Your business can't have enough cash. But since you probably don't have money trees growing behind your office, plant or wherever you hang your shingle, you have to depend on working capital.
An easy-to-remember adage for working capital is, “If you don't have working capital, you won't work."
An in-depth explanation requires more math and antacid.
If you're looking to brush up your skills or strategies on how to increase your working capital, you may want to consider these ideas.
1. Calculate your liquidity cushion.
“Since working capital is an accounting concept, it's probably easier for companies to think in terms of how much liquidity cushion they should maintain," says Mike Luebbers, chief credit officer for Lighter Capital, a Seattle-based lender that specializes in funding tech startups.
“The basic premise is that companies should have access to enough cash to cover operating expenses during the time when they're waiting to collect on customer sales, plus the amount needed to cover vendor payments if they buy inventory for later sale," Luebbers says.

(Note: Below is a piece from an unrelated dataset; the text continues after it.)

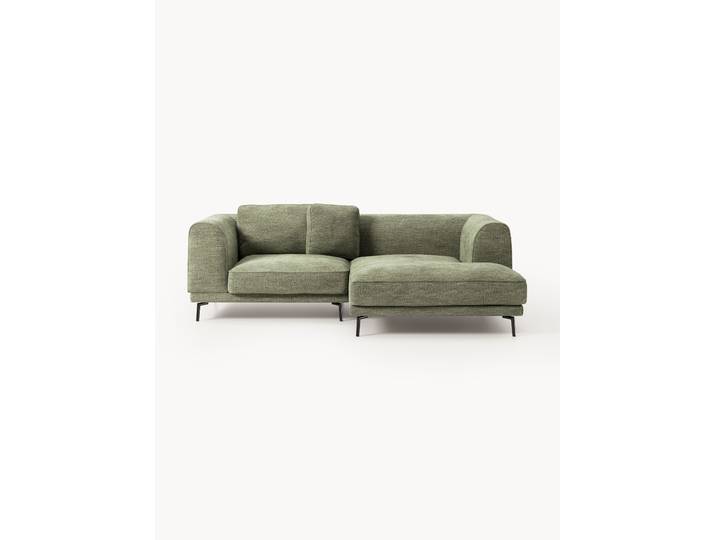 Ecksofa Allpa (3-Sitzer)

So how do you determine that?
“A company can start to estimate its cash need by looking at how long it takes between paying for their inventory and collecting on customer sales," he says. “If the company pays for its inventory 30 days after purchasing it, sells it 15 days later and then allows its business clients another 30 days to pay the sales invoice, then that company will have a 45-day working capital gap to fill."

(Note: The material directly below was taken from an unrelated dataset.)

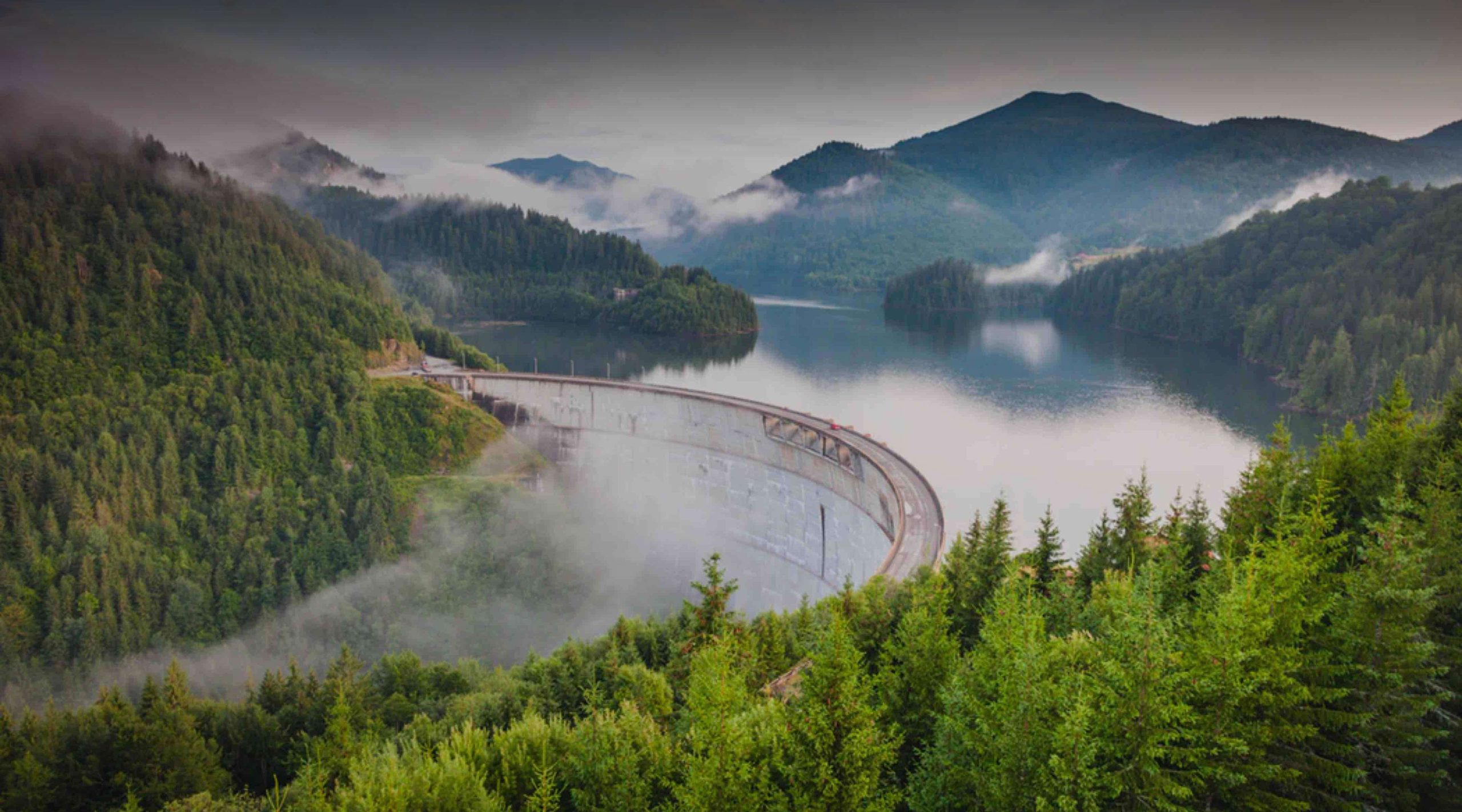 Holen Sie sich das beste VPN für Rumänien 2025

Figuring out how many days you're looking at is the first part of the math. Now you need to work out the actual cash numbers.

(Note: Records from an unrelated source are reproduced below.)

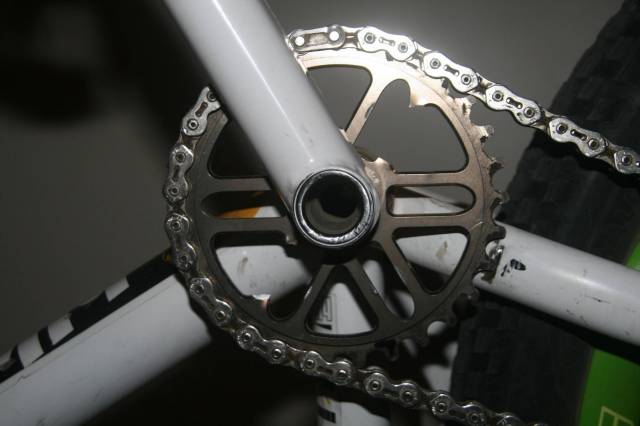 �������, ����� ���������� � ������ ������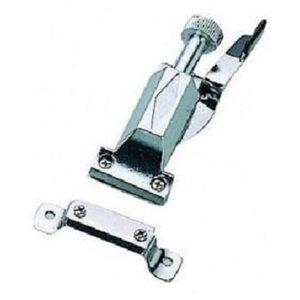 MAXTONE 233 BLOCCHETTO TENDICORDIERA PER RULLANTE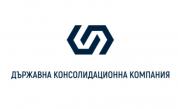 <p>Изпълнителният директор на ДКК запазва поста си</p>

“If the inventory cost $5,000 and the company has rent, payroll and other operating expenses totaling $10,000 per month, then the 45-day gap would equal $20,000," Luebbers says.
Does your business fall into this hypothetical? You still may come away deciding you need more money.
“If the company plans for continued sales growth or experiences somewhat unpredictable sales and collection timing," Luebbers says, “it would want to maintain a higher working capital cushion."
The key to everything is making [the] strategic decisions that will least impact your ability to continue to grow and to sell.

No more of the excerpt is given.